To do:
Write out the data in full, exactly as shown.

>>>

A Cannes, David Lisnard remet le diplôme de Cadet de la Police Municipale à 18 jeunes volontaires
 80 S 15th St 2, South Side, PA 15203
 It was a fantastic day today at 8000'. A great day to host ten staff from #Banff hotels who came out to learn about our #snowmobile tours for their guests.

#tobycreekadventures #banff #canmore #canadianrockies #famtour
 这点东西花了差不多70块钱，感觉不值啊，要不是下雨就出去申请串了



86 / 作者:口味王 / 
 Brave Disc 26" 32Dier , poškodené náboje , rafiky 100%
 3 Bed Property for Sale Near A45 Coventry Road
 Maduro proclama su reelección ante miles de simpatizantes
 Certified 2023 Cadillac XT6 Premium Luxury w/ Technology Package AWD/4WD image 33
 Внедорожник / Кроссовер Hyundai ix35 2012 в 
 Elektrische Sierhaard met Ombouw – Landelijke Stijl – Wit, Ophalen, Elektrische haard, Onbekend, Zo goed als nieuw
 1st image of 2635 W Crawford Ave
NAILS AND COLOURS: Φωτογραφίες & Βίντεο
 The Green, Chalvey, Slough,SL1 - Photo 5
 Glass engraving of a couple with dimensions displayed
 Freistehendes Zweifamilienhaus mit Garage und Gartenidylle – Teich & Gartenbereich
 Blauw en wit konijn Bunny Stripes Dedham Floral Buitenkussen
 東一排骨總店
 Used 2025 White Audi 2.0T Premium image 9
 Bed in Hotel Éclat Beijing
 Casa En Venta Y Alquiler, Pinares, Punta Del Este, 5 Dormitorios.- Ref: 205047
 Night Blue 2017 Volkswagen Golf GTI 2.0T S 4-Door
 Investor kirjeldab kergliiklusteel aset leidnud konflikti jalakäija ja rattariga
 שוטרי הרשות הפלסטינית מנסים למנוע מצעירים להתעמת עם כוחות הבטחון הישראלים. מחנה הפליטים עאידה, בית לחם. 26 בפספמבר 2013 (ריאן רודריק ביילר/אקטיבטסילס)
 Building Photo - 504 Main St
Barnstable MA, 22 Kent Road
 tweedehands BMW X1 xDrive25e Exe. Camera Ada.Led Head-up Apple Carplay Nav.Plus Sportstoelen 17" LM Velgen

<<<

Written response:
A Cannes, David Lisnard remet le diplôme de Cadet de la Police Municipale à 18 jeunes volontaires
 80 S 15th St 2, South Side, PA 15203
 It was a fantastic day today at 8000'. A great day to host ten staff from #Banff hotels who came out to learn about our #snowmobile tours for their guests.

#tobycreekadventures #banff #canmore #canadianrockies #famtour
 这点东西花了差不多70块钱，感觉不值啊，要不是下雨就出去申请串了



86 / 作者:口味王 / 
 Brave Disc 26" 32Dier , poškodené náboje , rafiky 100%
 3 Bed Property for Sale Near A45 Coventry Road
 Maduro proclama su reelección ante miles de simpatizantes
 Certified 2023 Cadillac XT6 Premium Luxury w/ Technology Package AWD/4WD image 33
 Внедорожник / Кроссовер Hyundai ix35 2012 в 
 Elektrische Sierhaard met Ombouw – Landelijke Stijl – Wit, Ophalen, Elektrische haard, Onbekend, Zo goed als nieuw
 1st image of 2635 W Crawford Ave
NAILS AND COLOURS: Φωτογραφίες & Βίντεο
 The Green, Chalvey, Slough,SL1 - Photo 5
 Glass engraving of a couple with dimensions displayed
 Freistehendes Zweifamilienhaus mit Garage und Gartenidylle – Teich & Gartenbereich
 Blauw en wit konijn Bunny Stripes Dedham Floral Buitenkussen
 東一排骨總店
 Used 2025 White Audi 2.0T Premium image 9
 Bed in Hotel Éclat Beijing
 Casa En Venta Y Alquiler, Pinares, Punta Del Este, 5 Dormitorios.- Ref: 205047
 Night Blue 2017 Volkswagen Golf GTI 2.0T S 4-Door
 Investor kirjeldab kergliiklusteel aset leidnud konflikti jalakäija ja rattariga
 שוטרי הרשות הפלסטינית מנסים למנוע מצעירים להתעמת עם כוחות הבטחון הישראלים. מחנה הפליטים עאידה, בית לחם. 26 בפספמבר 2013 (ריאן רודריק ביילר/אקטיבטסילס)
 Building Photo - 504 Main St
Barnstable MA, 22 Kent Road
 tweedehands BMW X1 xDrive25e Exe. Camera Ada.Led Head-up Apple Carplay Nav.Plus Sportstoelen 17" LM Velgen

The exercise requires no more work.